Aquinas and Zizioulas on the Doctrine of the Trinity
(‘Treatise on the Most Holy Trinity’ & ‘The Significance of the Cappadocian Contribution’ )
For Aquinas, the doctrine is very much relation based. There are two processions in his view ( ‘the Catholic Church understands procession as existing in God’ ) ; the procession of the Word, and the procession of Love as Spirit. ‘No other procession is possible in God but the procession of the Word, and of Love.’ The procession of the Logos is generation as He proceeds, due to intelligible action and intellectual likeness. Aquinas argues that when something ‘proceeds of the same nature’, they agree in the same order, and they therefore have real relations with each other. Aquinas claims that relation is the same as essence. ‘In God relation and essence do not differ.’ The central idea of relation seems to be distinction in God - as in each of the processions ( the Word and Love) there is distinction, and therefore two opposite relations occur.
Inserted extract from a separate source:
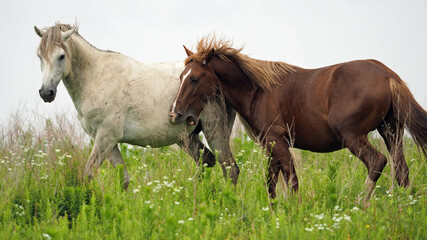 Wild Horses in Kentucky - 3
The term ‘individual substance’ simply means person (singular and rational), as opposed to the greek definition of substance which is ουσία. Aquinas writes that person signifies a relational ‘subsistent individual of a rational nature.’
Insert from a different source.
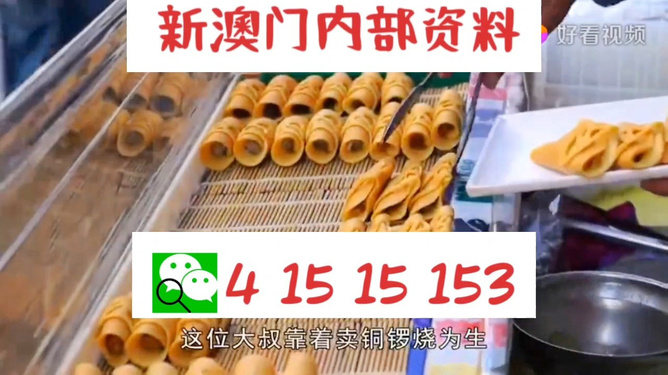 2024新澳门天天开好彩,社会责任实施_动态版88.569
The Cappadocian doctrine of the Trinity is centred around personhood. As for God’s substance, Zizioulas writes that nothing can be said about it except that ‘it is one, undivided and absolutely simple and uncompounded.’ A person is defined through properties ( rather than nature/substance ). This is where the greatest difference between Aquinas’ view and Zizioulas’ theology unfolds - and that is with regard to substance. For Zizioulas there is a clear distinction between person and the substance/nature of God, and for Aquinas they ‘do not differ.’ Substance refers to created matter in the Cappadocian theology, and so the Triune God cannot be connected to such a phrase. The Three Persons ‘are not faced with a given substance, but exist freely.’ St Gregory of Nazianzus tells us that the cause of divine existence is the Father, which contradicts Aquinas’ view of necessary generation. St Gregory and St Cyril of Alexandria argue that the idea of generation is unnecessary, as there is The ‘Willing One’ - God the Father, Who is the cause of divine being. This is where we see the contrasting views of Eastern Orthodox, and western Theologies ( Creed of Nicaea ). A frequently asked question, is why or how is God Love? (1 John 4:8) Zizioulas’ piece answers this very beautifully - explaining that Love is a relationship, as it is breaking of one’s will, a free submission to the other, and therefore freedom. God is Love as He is Father, Son and Holy Spirit - a perfectly free, relational unity. Aquinas on the other hand, does not seem particularly aware of this connection, and concentrates on love being a procession in God, as opposed to God Himself ( by nature ) Zizioulas concludes his piece by highlighting how we can fulfil our personhood by ‘living according to the image of God’, in a full communion with Him, which leads to theosis ( complete unity with God ). This takes place through asceticism and a growing and loving relationship with Christ.